Legal Law

Trump Leaves Get-Out-Of-Ethics-Free Move For Staffers On His Means Out Of City

What finer coda to the Trump administration’s orgy of corruption than an executive order rescinding ethics restrictions on lobbying in the final hours? Aaron Sorkin could not have scripted it better.

On January 28, 2017, eight days into his term, President Trump signed Executive Order 13770 governing Ethics Commitments by Executive Branch Employees. In fulfillment of Trump’s campaign promise to “drain the swamp,” employees would sign a pledge not to lobby their agencies for five years after leaving government service. They’d permanently give up their right to lobby for any foreign government. And they’d pinky swear to refrain from dealing with old clients, with former lobbyists vowing “I will not for a period of 2 years after the date of my appointment participate in any particular matter on which I lobbied within the 2 years before the date of my appointment or participate in the specific issue area in which that particular matter falls.”

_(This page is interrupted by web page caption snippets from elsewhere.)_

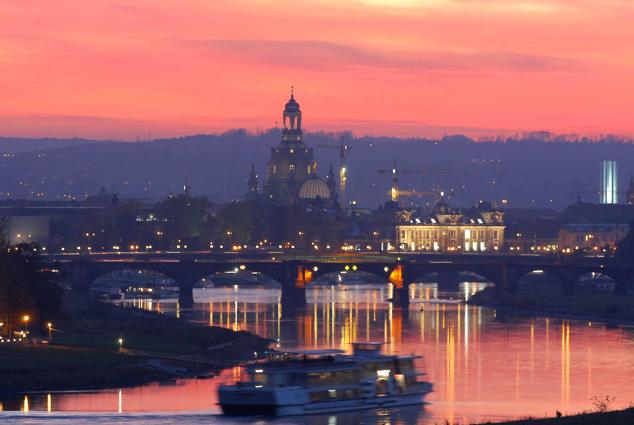 Dresde (Alemania). Si hay que elegir uno solo de los famosos museos de Dresde, tal vez podamos quedarnos con el Palacio Real (Residenzschloss), que combina salas del antiguo edificio y nuevos espacios museísticos en los que ofrece un recorrido por obras del Renacimiento y el Barroco. La cara 'grunge' y bohemia está en el barrio de Neustadt, con un panorama dinámico de bares y restaurantes, arte urbano y callejones con preciosos patios y restaurantes diminutos.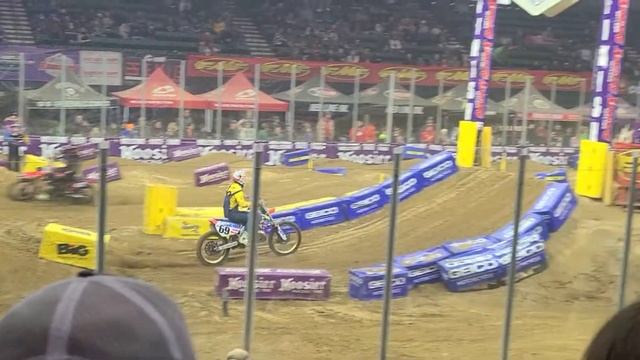 Ronnie mac jumps the gate смотреть онлайн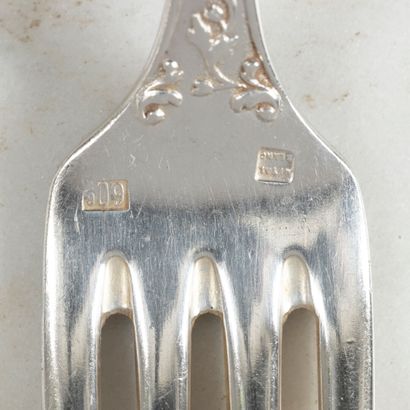 Ensemble de couverts en argent à décor rocaille,...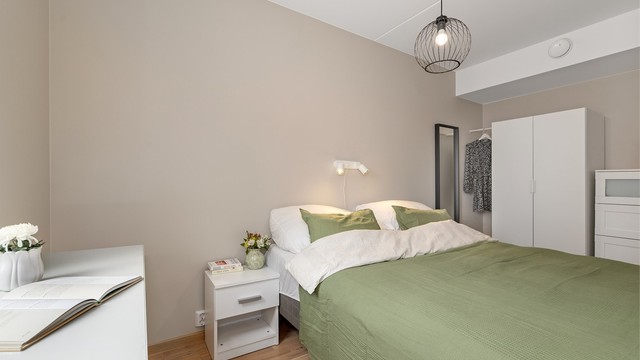 Soverommet er av god størrelse med plass til dobbeltseng og garderobeløsning.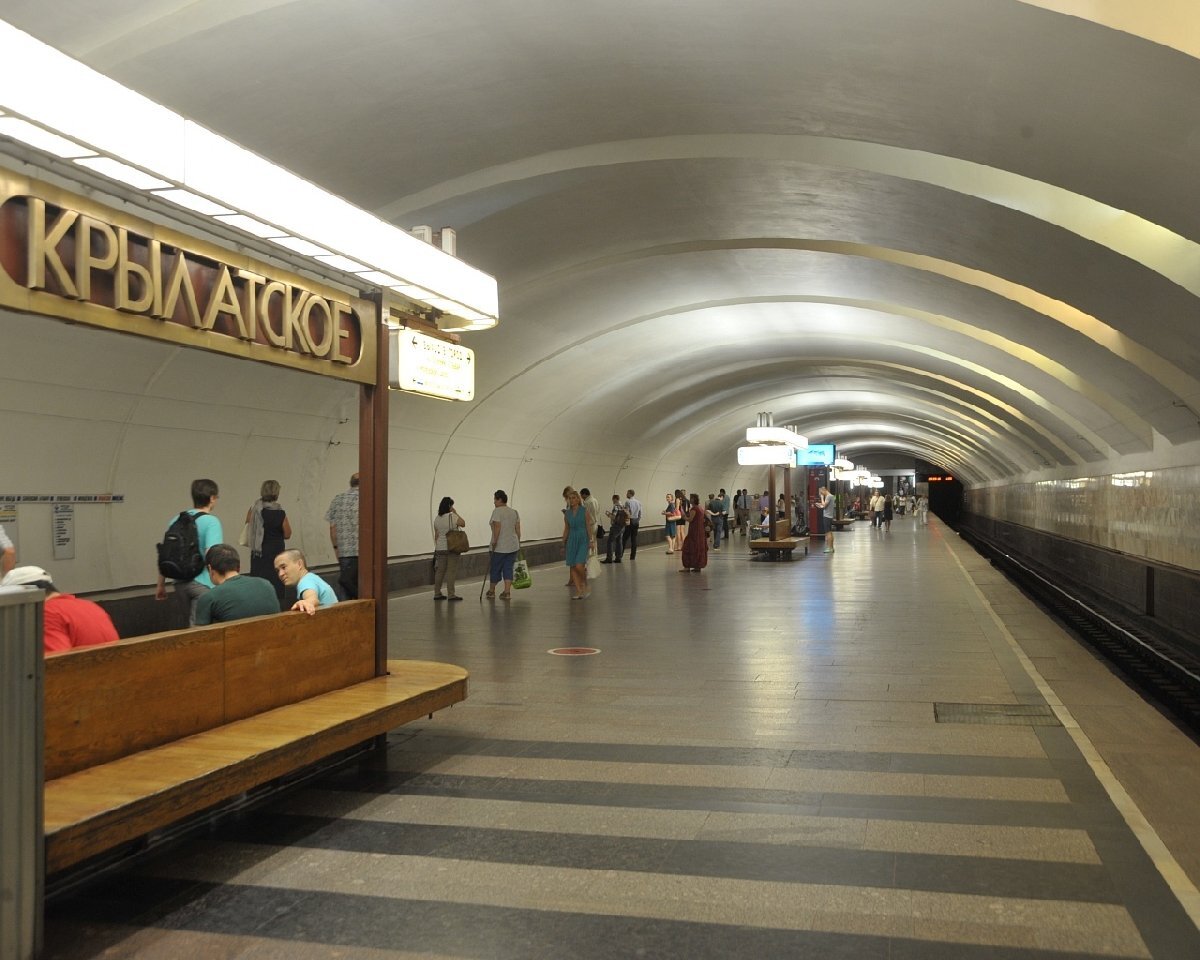 станция крылатское. станция метро крылатское. станция метро крылатское. станция метро крылатская. станция крылатское 1990.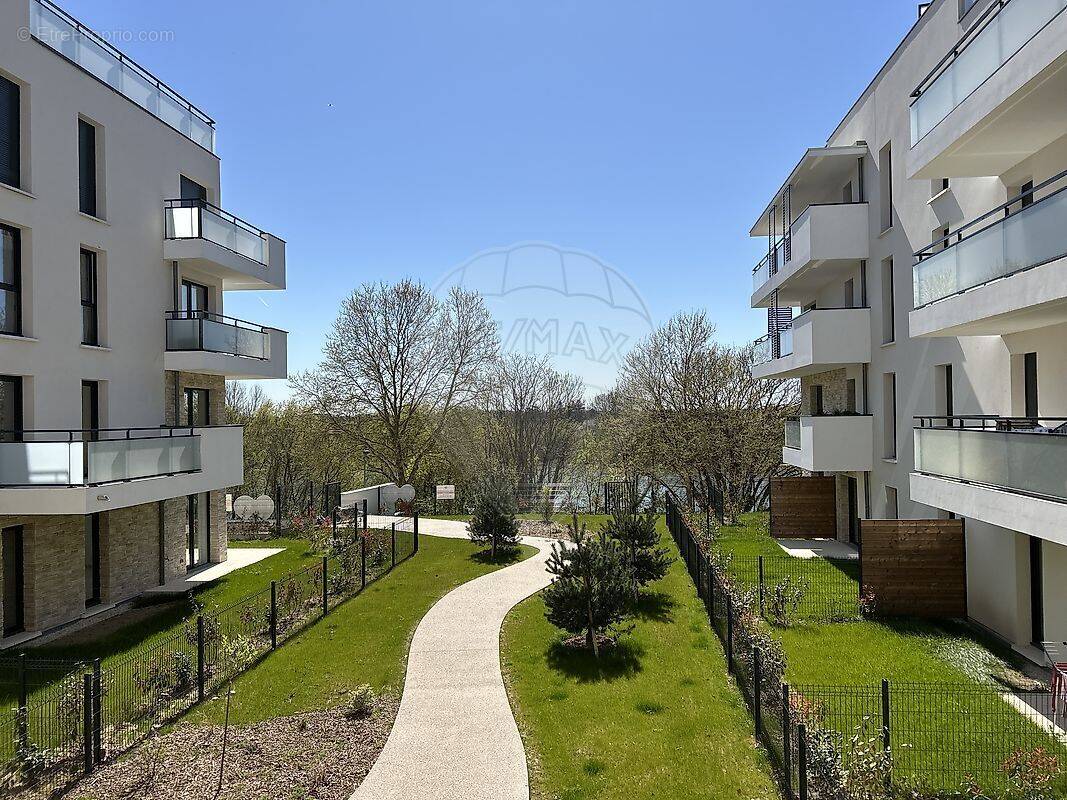 Appartement à SAINT-JEAN-DE-LA-RUELLE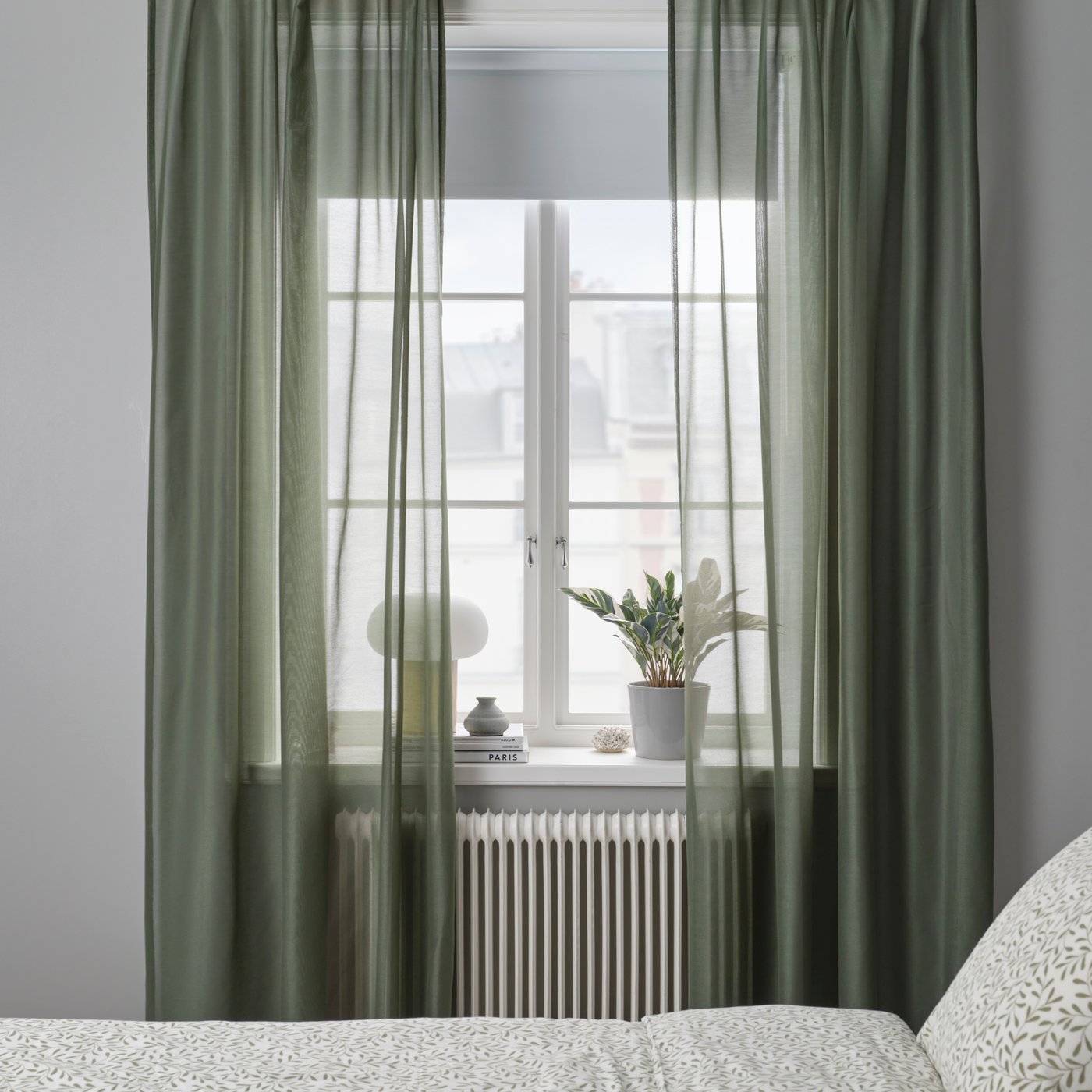A green/with heading tape STENFRÖ sheer curtains, 1 pair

In practice, the order was honored more in the breach than in the observance. Less than a year after resigning as the top lobbyist for coal company Murray Energy, Andrew Wheeler was head of the Environmental Protection Agency. He succeeded ethics fireball Scott Pruitt, who left government service to go work for coal baron Joseph Craft III, Republican megadonor and husband of U.N. Ambassador Kelly Craft.

Pruitt’s attorney (yes that) Cleta Mitchell complained to the Washington Post, that ethics rules had been unfairly “weaponized in order to destroy political opponents.” It’s just a shame when a dedicated public servant who lives in a lobbyist’s house for nominal rent, uses government employees to source hotel hand lotion and used Trump hotel mattresses, and leans on the CEO of Chik-Fil-A to get his wife a franchise is driven from office by rank partisanship!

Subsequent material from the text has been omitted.